Use the Curl to Test:

curl http://localhost:11434/api/generate -d '
{ 
   "model": "llama2", 
   "prompt": "What is AI?", 
   "stream": false
}'

Sample output:

{"model":"llama2","created_at":"2024-05-16T02:52:18.972296097Z","response":"\nArtificial intelligence (AI) refers to the development of computer systems that can perform tasks that typically require human intelligence, such as learning, problem-solving, and decision-making. AI systems use algorithms and data to mimic human behavior and perform tasks such as:\n\n1. Image recognition: AI can identify objects in images and classify them into different categories.\n2. Natural Language Processing (NLP): AI can understand and generate human language, allowing it to interact with humans through voice assistants or chatbots.\n3. Predictive analytics: AI can analyze data to make predictions about future events, such as stock prices or weather patterns.\n4. Robotics: AI can control robots that perform tasks such as assembly, maintenance, and logistics.\n5. Recommendation systems: AI can suggest products or services based on a user's past behavior or preferences.\n6. Autonomous vehicles: AI can control self-driving cars that can navigate through roads and traffic without human intervention.\n7. Fraud detection: AI can identify and flag fraudulent transactions, such as credit card purchases or insurance claims.\n8. Personalized medicine: AI can analyze genetic data to provide personalized medical recommendations, such as drug dosages or treatment plans.\n9. Virtual assistants: AI can interact with users through voice or text interfaces, providing information or completing tasks.\n10. Sentiment analysis: AI can analyze text or speech to determine the sentiment or emotional tone of a message.\n\nThese are just a few examples of what AI can do. As the technology continues to evolve, we can expect to see even more innovative applications of AI in various industries and aspects of our lives.","done":true,"context":[xxx,xxx],"total_duration":12831317190,"load_duration":6453932096,"prompt_eval_count":25,"prompt_eval_duration":254970000,"eval_count":390,"eval_duration":6079077000}

Please refer to this documentation for more details.
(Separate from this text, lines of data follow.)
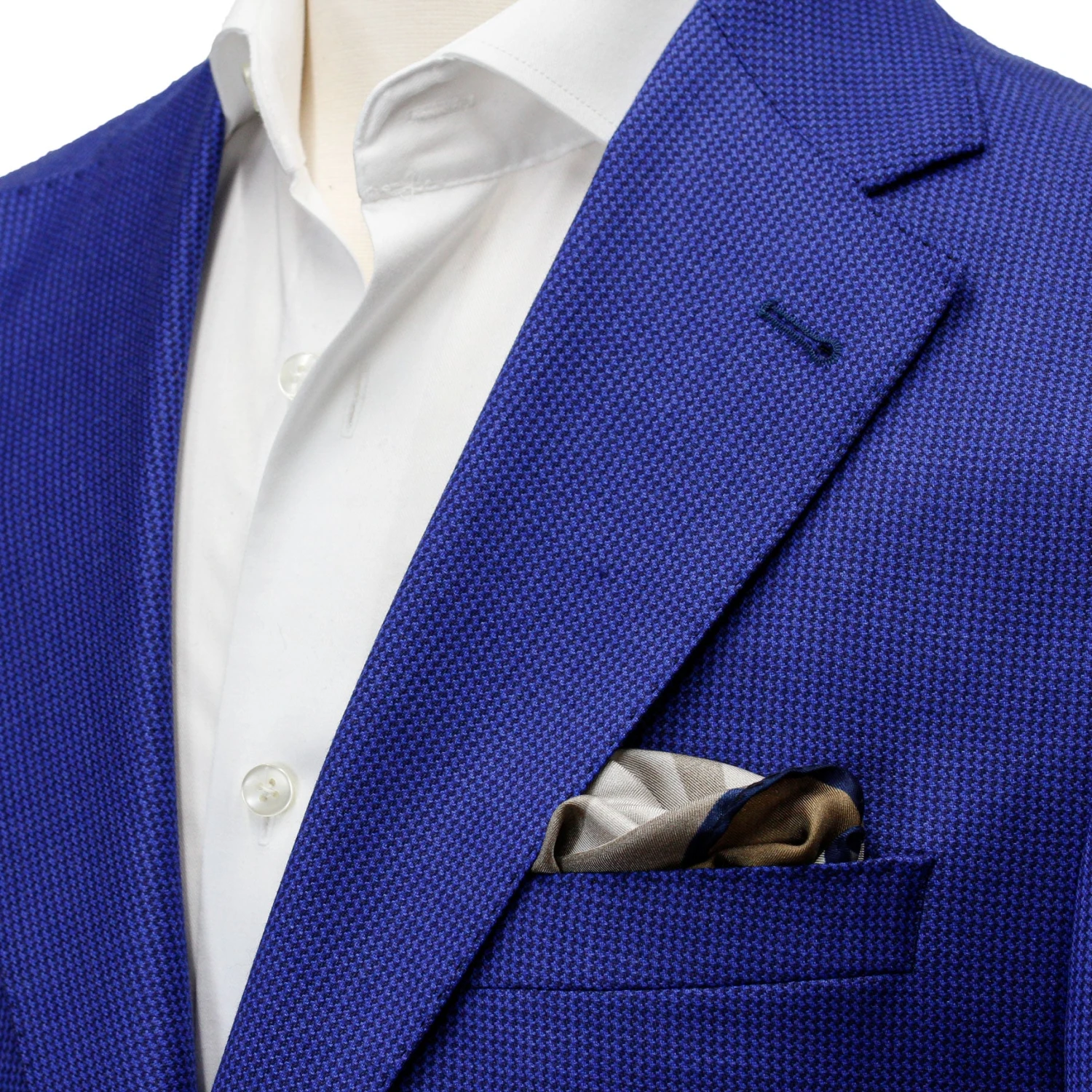 Royal Blue Birdseye Madison Contemporary Fit Sport Jacket - Jack Victor 1913 Collection 8 Royal Blue Birdseye Madison Contemporary Fit Sport Jacket - Jack Victor 1913 Collection - Image 6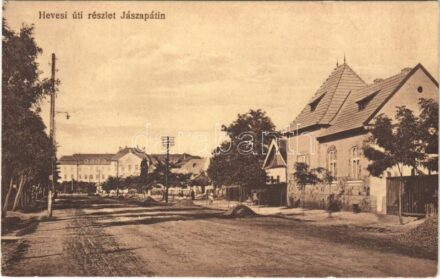 1928 Jászapáti, Hevesi út. Koczka Andor kiadása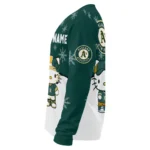 Oakland Athletics Sweater Customized Hello Kitty Green Best Selling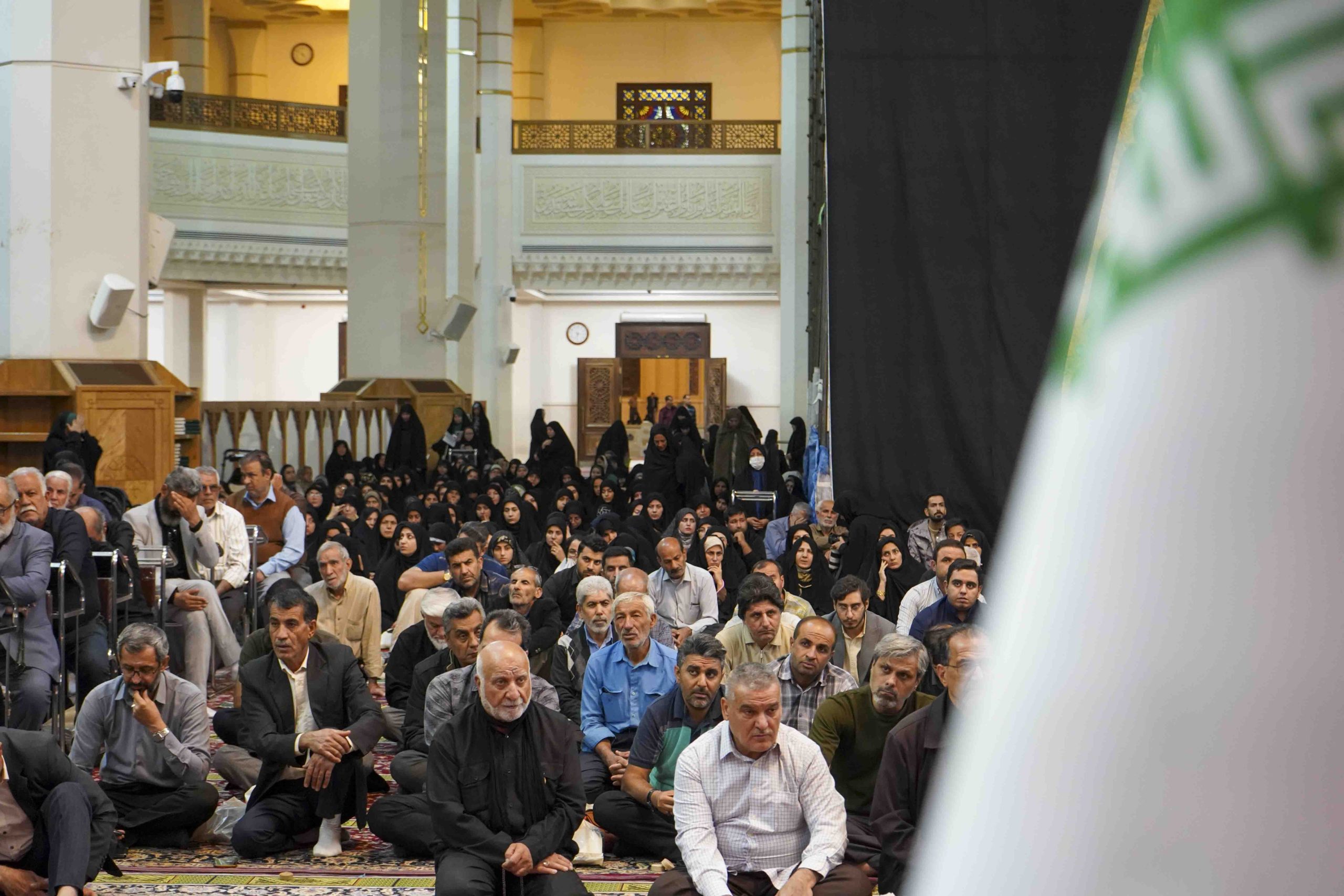 فاطمیه 3 scaled - دومین شب از مراسم سوگواری شهادت حضرت زهرا سلام الله علیها در حرم مطهر حضرت شاهچراغ علیه السلام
Running Open WebUI with Intel GPU

  1. Start the ollama and load the model first, then use the open-webui to chat. If you have difficulty accessing the huggingface repositories, you may use a mirror, e.g. add export HF_ENDPOINT=https://hf-mirror.com and run following script to start open-webui docker.
export DOCKER_IMAGE=ghcr.io/open-webui/open-webui:main
export CONTAINER_NAME=<YOUR-DOCKER-CONTAINER-NAME>

docker rm -f $CONTAINER_NAME

docker run -itd \
            -v open-webui:/app/backend/data \
            -e PORT=8080 \
            --privileged \
            --network=host \
            --name $CONTAINER_NAME \
            --restart always $DOCKER_IMAGE
  1. Visit http://localhost:8080 to use open-webui, the default ollama serve address in open-webui is http://localhost:11434, you can change it in connections on http://localhost:8080/admin/settings.

Sample output:

INFO:     Started server process [1055]
INFO:     Waiting for application startup.
INFO:     Application startup complete.
INFO:     Uvicorn running on http://0.0.0.0:8080 (Press CTRL+C to quit)

For how to log-in or other guide, Please refer to this documentation for more details.